The Beginner’s Guide to Anime, No. 102 – The Little Norse Prince

The Little Norse Prince

For the next few weeks The Beginner’s Guide will looking at some anime films. This time we are looking at the debut feature film of one of co-founders of Studio Ghibli, the most successful anime production company.

Directed by Isao Takahata, the man behind films such as Grave of the Fireflies (No. 40) and Pom Poko (No. 41), The Little Norse Prince as it is known in Britain (originally known in Japan as The Great Adventure of Horus, Prince of the Sun, and sometimes also known as Little Norse Prince Valiant), was released back in 1968 by Toei Animation. Fellow Ghibli co-founder Hayao Miyazaki worked as the concept artist for it. It was the first project the two worked on together.

The film follows the lead character known as “Hols” in the British translation of the film but as “Horus” in the original Japanese – which is slightly odd given that the name “Horus” is associated more with Egyptian mythology rather than Norse. For this article we will stick to Hols.

Hols is a boy living with his dying father in a cold northern land, armed only with a hatchet on a rope and with a talking bear named Koro as his best friend. Hols accidentally wakes up a stone giant named Mogue, who claims to have a thorn in his shoulder. Hols removes it, and discovers the thorn is actually a sword. To be precise, the mighty “Sword of the Sun”. Mogue tells Hols to re-forge the old sword and that he will come and see Hols when it is done.

Hols returns to his father, who tells Hols that they originally came from a village that was destroyed by an evil ice devil named Grunwald. As he dies, his father also tells Hols to return home and carry out their revenge. Hols and Koro travel back home, but meet Grunwald on the way. Grunwald asks Hols to serve him, but Hols refuses so Grunwald throws him down a cliff. However, Hols survives and is taken to a nearby fishing village. Here, he makes a name for himself slaying an evil pike fish that was sent by Grunwald that destroyed the livelihoods of the locals.

As Hols becomes popular, Grunwald comes with new plans to destroy him, using the jealous local village rulers who are being overshadowed by Hols. Hols meanwhile meets a beautiful singing girl named Hilda in an abandoned village and invites her to stay with him – unaware that Hilda is actually Grunwald’s sister, under his evil powers. These schemes culminate in an attempt to get rid of Hols before the Sword of the Sun can be re-forged.

Amongst the points of interest regarding The Little Norse Prince is the age of the movie. It is as far as I’m aware the oldest anime ever released in the UK on DVD, and also the only one to date back to the 1960s. The only older anime I can find on DVD in English come from the USA. If it was not for the fact that it was directed by Isao Takahata, this film would probably have never made it to Britain.

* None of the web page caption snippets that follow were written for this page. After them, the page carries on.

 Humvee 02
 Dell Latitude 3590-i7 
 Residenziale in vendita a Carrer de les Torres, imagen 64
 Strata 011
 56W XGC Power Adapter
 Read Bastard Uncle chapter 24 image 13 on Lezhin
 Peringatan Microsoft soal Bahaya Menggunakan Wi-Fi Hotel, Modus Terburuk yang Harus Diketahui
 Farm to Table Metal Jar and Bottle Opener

It is a shame that so few older anime get released in this country. It is mainly down to cost, with only wealthy companies willing to distribute such films. This, like all of the Studio Ghibli movies, was distributed in the UK by Studio Canal, a well-established firm. I doubt they or any other UK-based company would be willing to distribute any anime that are older, although I could see a specialist organisation such as the BFI willing to do something. The BFI have released several classic life-action Japanese films such as the films of Akira Kurosawa, including his earliest films dating back to the 1940s, and have also released many books on anime. I would appeal to them to release some of anime’s early classic works, like the very first anime feature film Momotaro’s Divine Sea Warriors, which admittedly is a piece of children’s WWII propaganda. Asking to watch Momotaro’s Divine Sea Warriors is a bit like asking to watch Triumph of the Will or The Birth of a Nation: it is of great academic interest, but you do feel guilty writing about it.

Some aspects of The Little Norse Prince are surprising to say the least. For example there is a scene where Hols is getting dressed and during this scene you briefly see his penis. It’s on for less than a second, but you do see it. I say that this is surprising, because in the UK this film is released with a “U” certificate. You get the feeling that if this was live action it would have got a higher rating. However, I have no complains about it personally about nudity, regardless of age.

However, the reason why this film should be considered to be in high regard is because it helped to establish the working relationship between Takahata and Miyazaki, who would go on to establish the most successful of all anime production companies. The Little Norse Prince was the foundation that helped to make Studio Ghibli the success it eventually became.

The Little Norse Prince is released on DVD by Studio Canal.